![]() Kindred Spirits ‘07 Camp Directors Lisa Silverman, Peter Hogan and Desiree Lawrence |
I have made the choice to attend Kindred Spirits Camp for the last eleven years. I have studied with Buddhist Monks in Nepal, done Yoga with Gurus at Kripalu, listened to Deepak Chopra, Carolyn Myss, and Eckert Tolle at Omega, but nothing has helped me heal and grow as a man compared to the powerful experience of this camp, with the friendships and year-round connection of the Kindred Spirits community.
At the beginning of the third week of August every year, I drive up the curvy, wooded, steep hill into Rowe. I often feel scared, anxious, excited, and overwhelmed with anticipation of what lies at the top of the hill, knowing I have work to do that is not easy, but totally necessary for me to live the life I want.
Part of the reason I come to Kindred Spirits Camp is to witness and participate in the evolution of a community of beautifully imperfect humans. I play, dance, laugh, swim, bike, run, jump, laugh until my sides hurt, make a fool of myself, try to let go of control, make mistakes and work it out, see how little sleep I can function on, take naps on the Rowe town beach, float in an inner tube on the Deerfield River, take part in completely stupid skits during the “No-talent show,” and have people tell me how great it was.
But, mostly I come to Kindred Spirits camp for my heart. My heart holds a year’s worth of grief, hurt, anger, shame, distress, and unloveability. I try to work with it along the way during the year, but inevitably I build up feelings that start hurting me and make me feel depressed. So I come to camp and pound pillows, do breathwork, lay in someone’s lap in family group and cry until snot comes out my nose and my stomach hurts, scream at God as I walk through the woods at night: “Why does this have to be so hard!!!!”
Then mysteriously but predictably, I look into the eyes of my fellow campers and see complete, pure, ten-billion-stars-exploding energy of pure love. Something shifts. I have emptied the well of grief, shame, anger, and hurt enough that I am able to let some of this love in. As I feel it inside and feel it outside, I really know and experience it as the truth of who I really am.
I leave camp every year with this truth: I am enough; I deserve a good life; I am a good, caring, generous, loving, man. It is this truth that propels me forward to do my life.

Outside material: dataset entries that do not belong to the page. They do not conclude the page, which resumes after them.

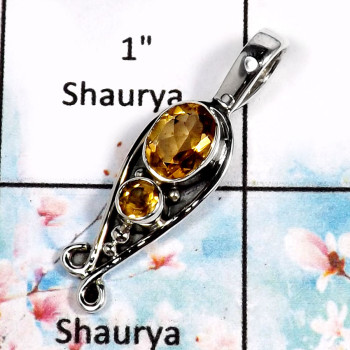 Citrine-G SD413-Amazing Cut Gemstone Designer Women's Pendant 925 Sterling Silver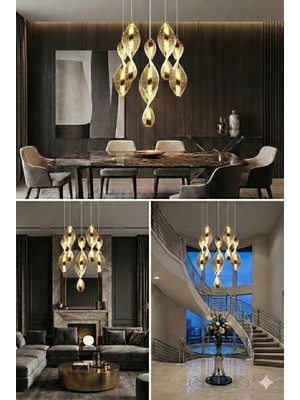 Akgül Mars 6'li Gold Kumandalı Avize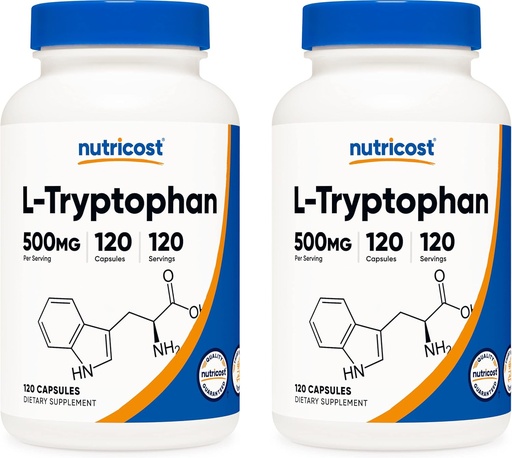 [BRSWKHQQOYAQCYLL] Nutricost L-Tryptophane 500mg, 120 Capsules (2 bouteilles)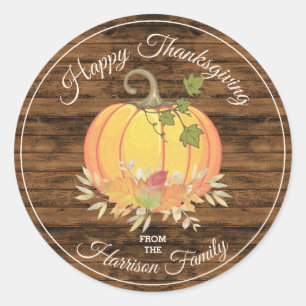 Rustic Country Personalized Happy Thanksgivng Classic Round Sticker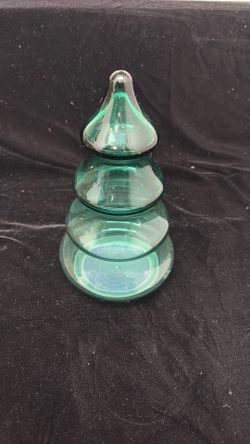 Vintage Christmas Tree Glass Candy Jar
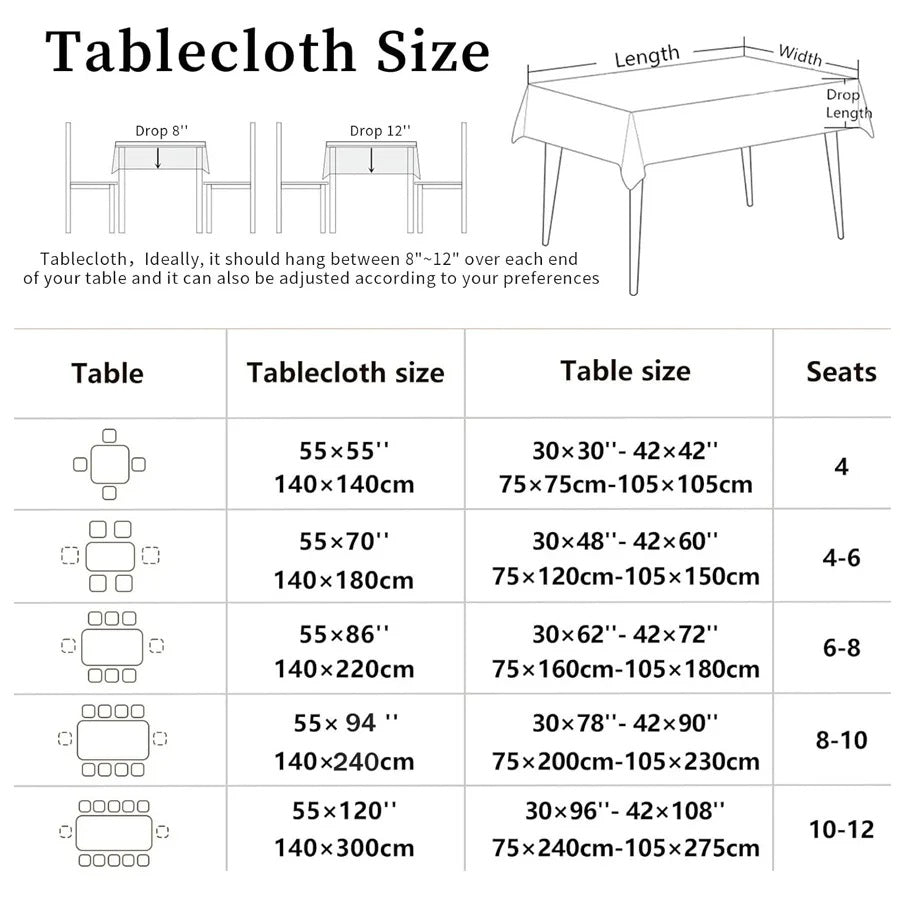 Tablecloth size guide
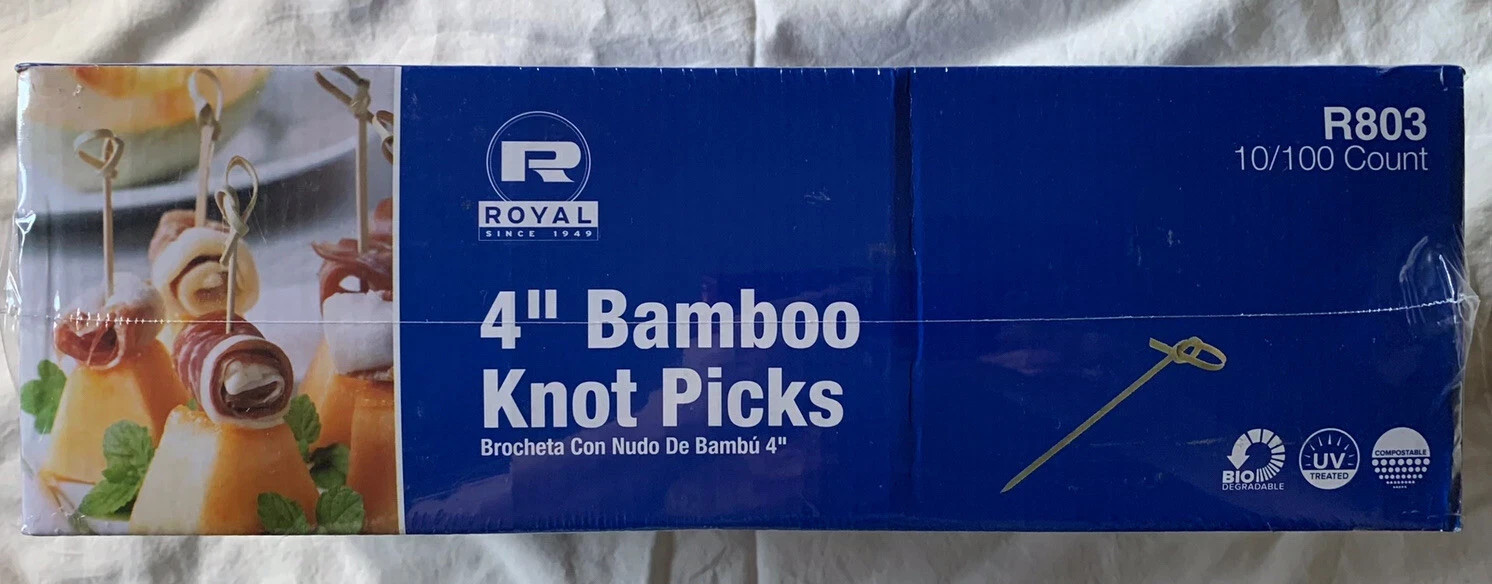 10/100 = 1000 COUNT ROYAL 4″ BAMBOO KNOT COCKTAIL/APPETIZER PICKS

So every year, I stop my car at the right-hand turn onto Kings Highway Road. I hear the rushing creek below. I put my hands together and ask my great spirit be with me this week so that I may heal myself and my community, and know the truth of how loved I am. I get back into my car, take a deep breath, and drive up the hill into the mystery and miracle of Kindred Spirits Camp.